For legitimacy, which we define as “respecting stakeholders’ values and their management principles,” two criteria are pertinent: (i) the transparency of the design tools and (ii) the ability of participants to include their own experiential knowledge when scientific knowledge is lacking or considered to be less suited (Bammer 2005; Martin 2015). It implies building and using relatively simple tools, flexible enough to allow interactive integration of new information and immediately see the results (Eikelboom and Janssen 2013). It also implies that the support tool can represent the system and its environment with the type of information usually used by farmers to make management decisions, e.g., temperature, rainfall, available soil water, and amount of input.

Credibility concerns the scientific trustworthiness of the technical evidence and scientific documentation. This feature is provided by the use of up-to-date scientific knowledge and by well-founded design and evaluation methods (Giller et al. 2009). Scientific knowledge is particularly needed to represent relations between management practices, biodiversity, and ecosystem services, and develop methods to assess model uncertainties.

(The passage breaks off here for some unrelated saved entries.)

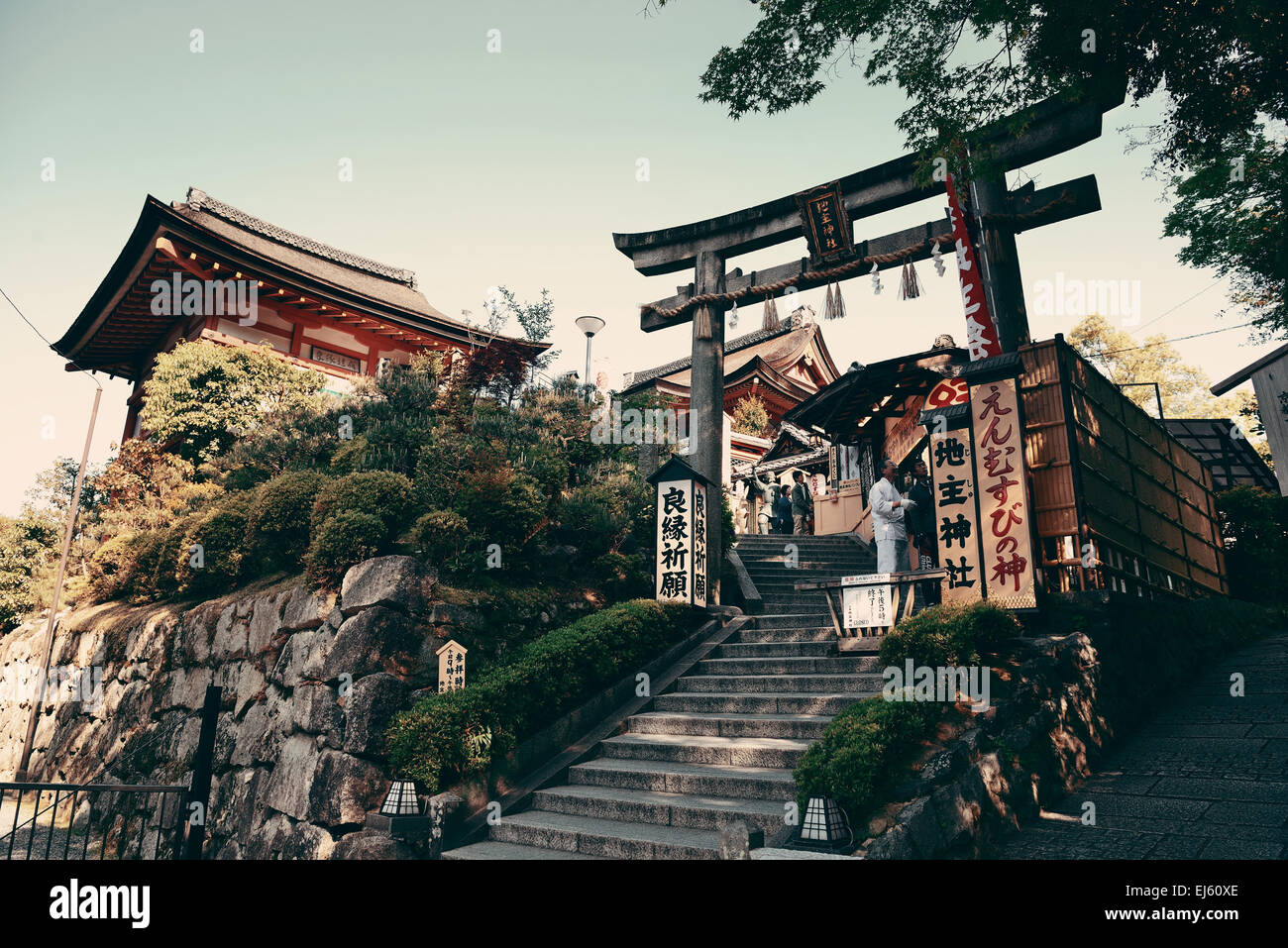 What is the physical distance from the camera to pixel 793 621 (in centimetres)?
1048

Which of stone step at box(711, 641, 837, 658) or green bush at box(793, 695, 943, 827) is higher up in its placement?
stone step at box(711, 641, 837, 658)

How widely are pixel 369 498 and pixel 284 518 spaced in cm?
183

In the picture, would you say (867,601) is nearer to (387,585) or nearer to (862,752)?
(862,752)

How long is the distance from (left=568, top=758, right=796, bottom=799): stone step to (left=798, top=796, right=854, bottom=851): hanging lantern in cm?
111

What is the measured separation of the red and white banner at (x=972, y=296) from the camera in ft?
31.2

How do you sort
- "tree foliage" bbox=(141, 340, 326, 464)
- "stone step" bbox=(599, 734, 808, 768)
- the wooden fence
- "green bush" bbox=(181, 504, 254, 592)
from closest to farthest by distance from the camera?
"stone step" bbox=(599, 734, 808, 768), the wooden fence, "green bush" bbox=(181, 504, 254, 592), "tree foliage" bbox=(141, 340, 326, 464)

4.2 Analysis of weaknesses of some learning support tools and promises for defining research avenues

Considering the biodiversity-based agriculture management issues and expected features of learning tools, we identify in this section the main limits of existing tools based on scientific knowledge and examples of promising ones. To present promising ones, we distinguish tools targeted at assisting farming system and landscape design from those targeted at monitoring ecosystem-service change in these systems, the two key steps of adaptive management (Section 3.2).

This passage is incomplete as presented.